**** Entries shown ****

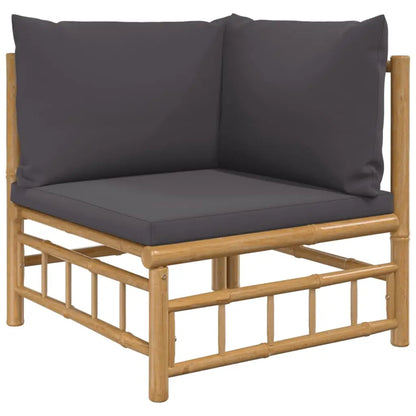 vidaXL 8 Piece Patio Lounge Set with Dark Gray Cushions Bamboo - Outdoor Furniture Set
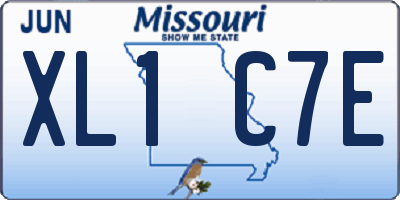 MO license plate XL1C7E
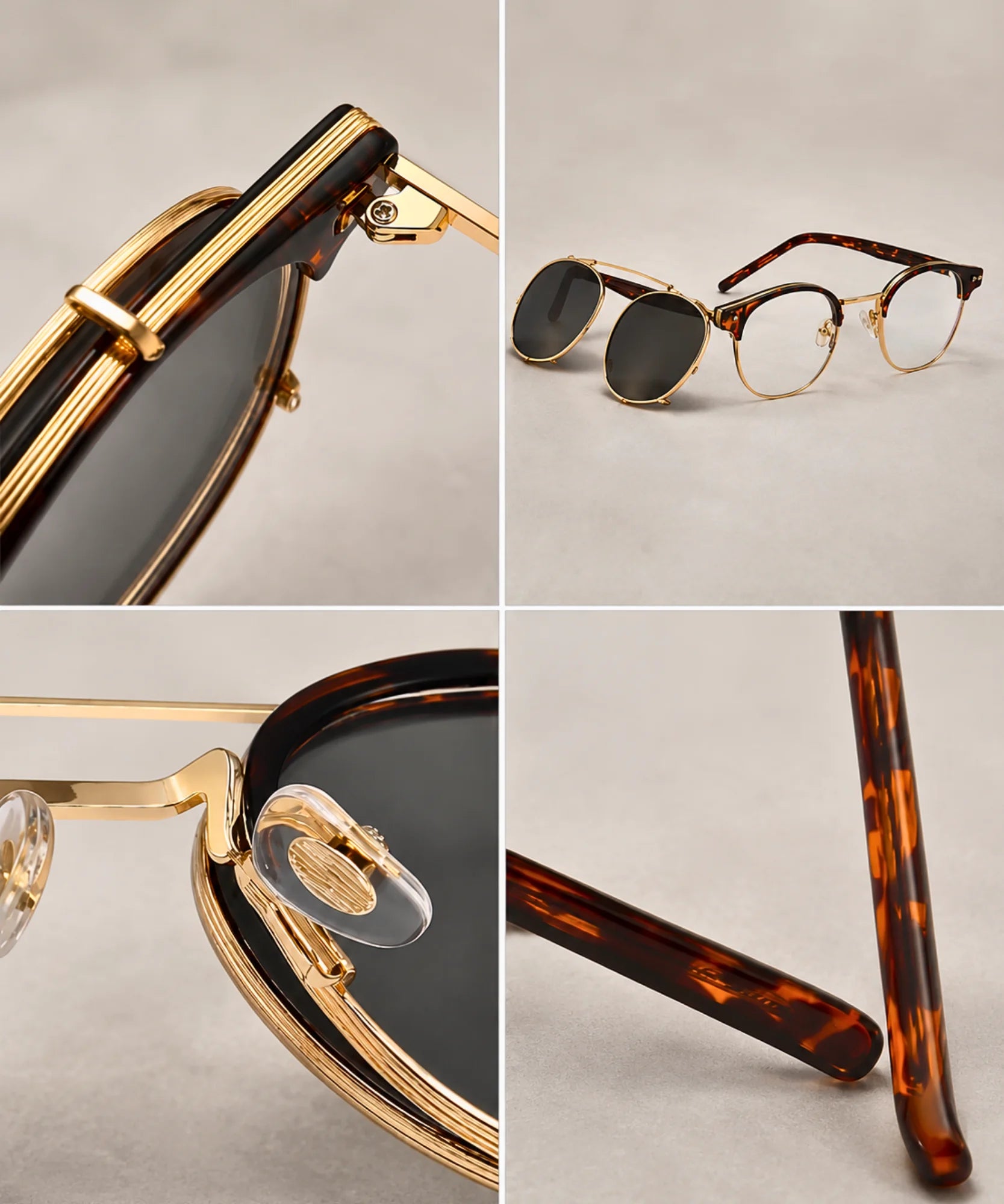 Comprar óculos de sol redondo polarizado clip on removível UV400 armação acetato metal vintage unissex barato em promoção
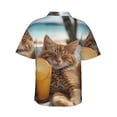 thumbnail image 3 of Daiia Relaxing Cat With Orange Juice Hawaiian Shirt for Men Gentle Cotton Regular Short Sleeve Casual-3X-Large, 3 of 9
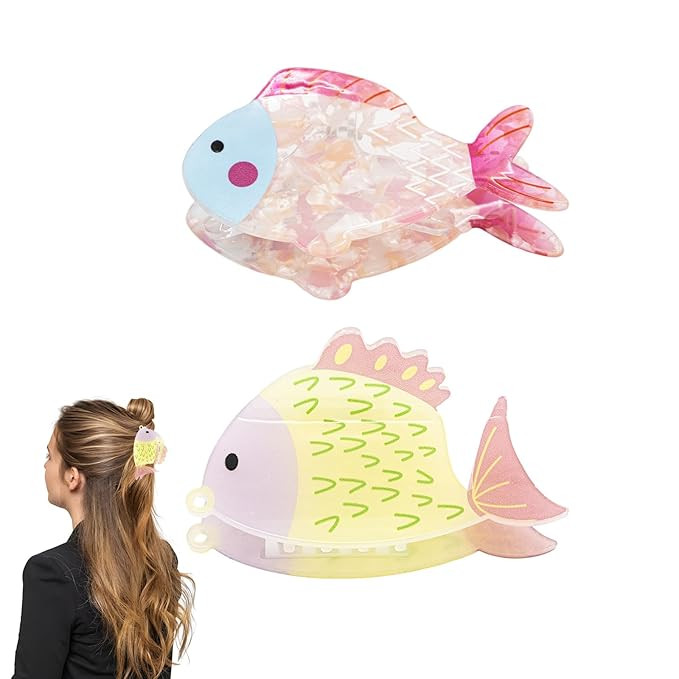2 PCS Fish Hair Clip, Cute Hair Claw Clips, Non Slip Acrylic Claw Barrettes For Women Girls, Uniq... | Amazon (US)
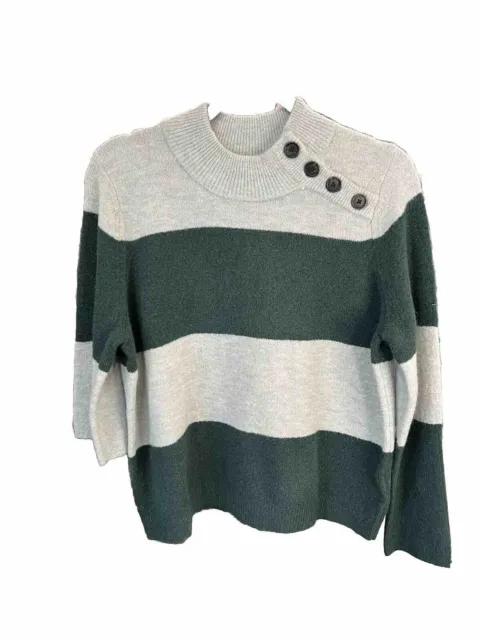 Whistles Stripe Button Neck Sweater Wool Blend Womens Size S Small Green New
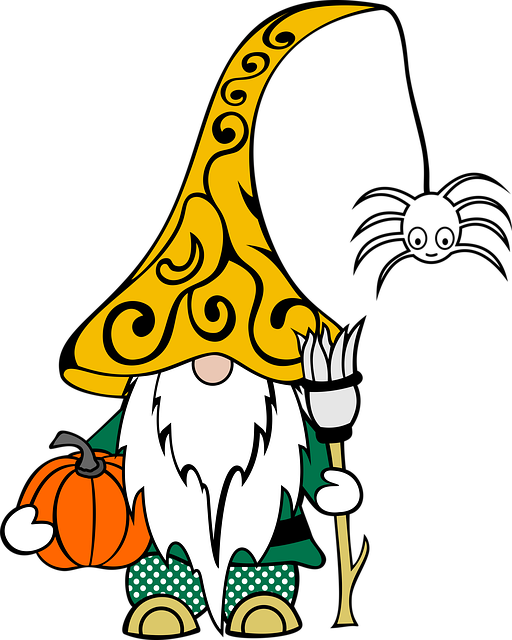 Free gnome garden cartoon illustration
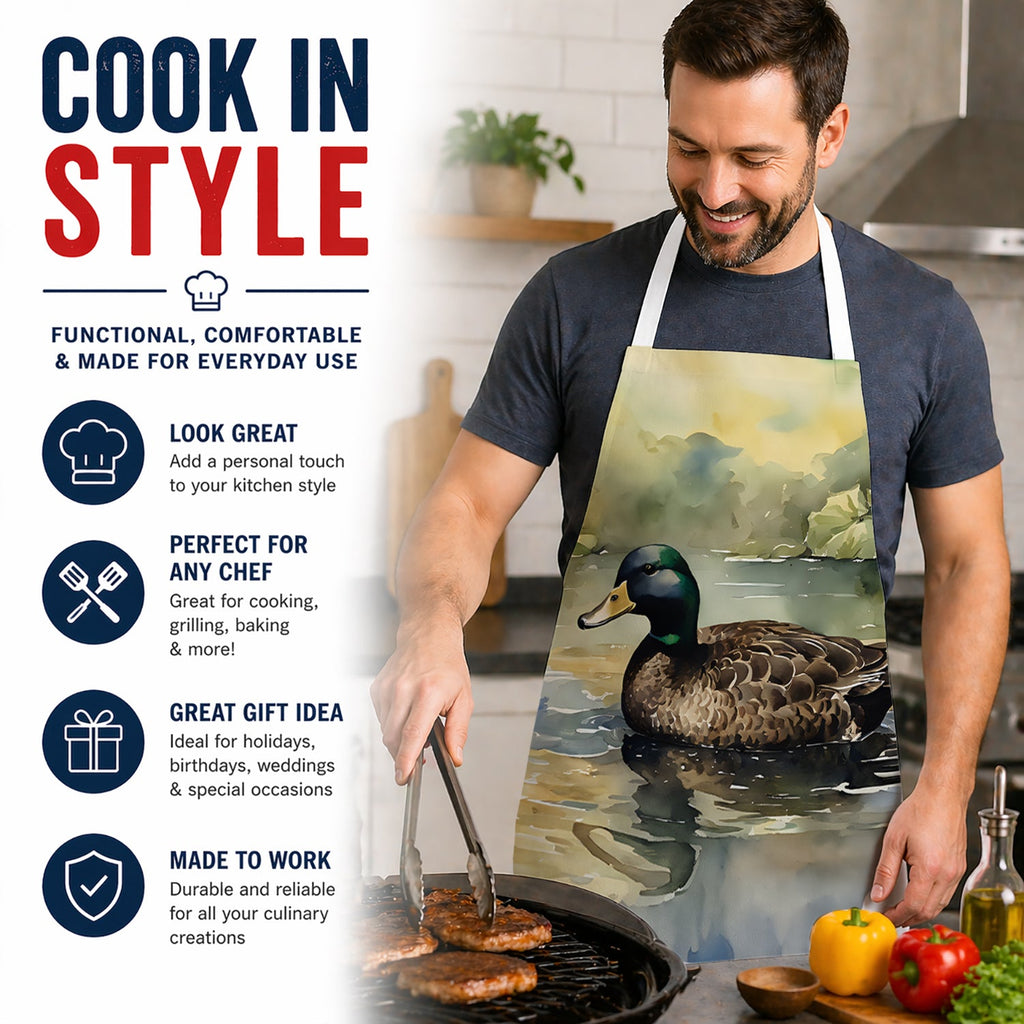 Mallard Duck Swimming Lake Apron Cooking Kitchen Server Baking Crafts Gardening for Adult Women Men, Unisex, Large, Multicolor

****

§ **Task prompt**
Repeat the exact lines from the first line of the data through the line containing "Comprar óculos de". Nothing else, no pictures.

§ **Expected answer**
 vidaXL 8 Piece Patio Lounge Set with Dark Gray Cushions Bamboo - Outdoor Furniture Set
 MO license plate XL1C7E
 Comprar óculos de sol redondo polarizado clip on removível UV400 armação acetato metal vintage unissex barato em promoção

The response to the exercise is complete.